And oh, how close Northwestern was in 2012.
Sure, the Wildcats escaped with narrow wins over Syracuse and Vanderbilt, but those weren't Big Ten squads. The truth of the matter was just over five minutes separated Northwestern from an undefeated Big Ten season.
Scott, the Big Ten's leading returning sack artist, won't be quick to forget.
"We know that we were that close in so many games," Scott said. "It's just making a play here and there. And that's just focusing longer and for one more play and coming up big, whether it be making a sack, making a touchdown [or] making a field goal."
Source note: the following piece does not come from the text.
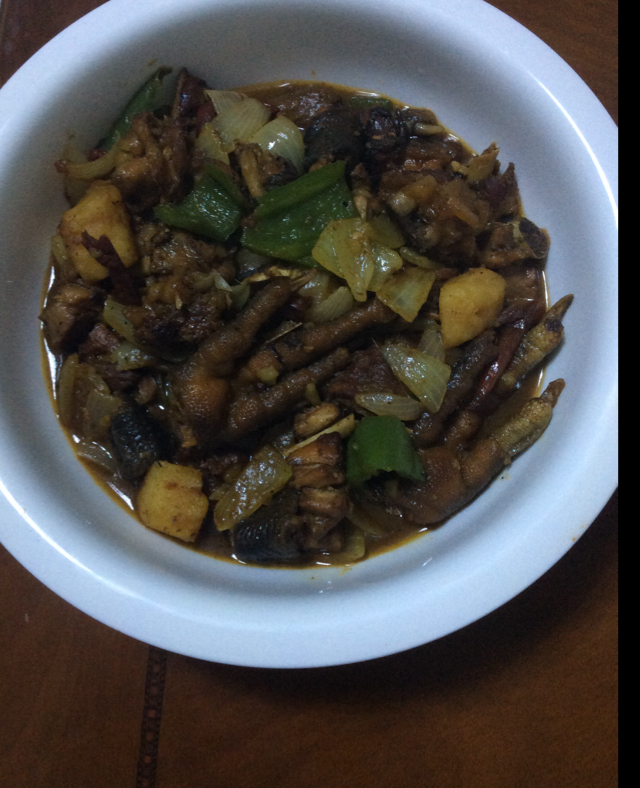 超下饭的新疆大盘鸡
Fresh off a 10-3 season in 2012, there is reason to believe Northwestern has the ability to make those necessary sacks or touchdowns. With Ohio State and Wisconsin replacing Penn State and Indiana on Northwestern's schedule, there is a smaller margin of error. Yet despite the distinctly harder schedule, the players said they are ready to handle the pressure that often accompanies a winning program.
That mentality certainly showed on Wednesday as Pat Fitzgerald took the podium and outlined the goals for the upcoming season.
"We're not satisfied with just going to bowl games anymore," Fitzgerald said. "That's not acceptable. That's the expectation. … Now obviously we raised the bar a year ago from winning a game and getting that monkey off our back, but at the end of the day the expectation is to win championships."
When this type of confidence is exuded at a spring practice on a morning in early March, it carries a certain amount of credibility. When the same is shown in late July in front of hundreds of reporters, the expectations and pressure become much more real.
Should Northwestern survive a difficult non-conference slate and remain undefeated when Ohio State comes to town on Oct. 5, the stakes will only rise.
The last time Northwestern entered a season with high expectations, the Wildcats fell miserably short. The 2011 team compiled a 6-7 record that included a loss to Army.
But while the Cats were unable to live up to the hype in 2011, Northwestern's premiere players are certain the past won't repeat itself.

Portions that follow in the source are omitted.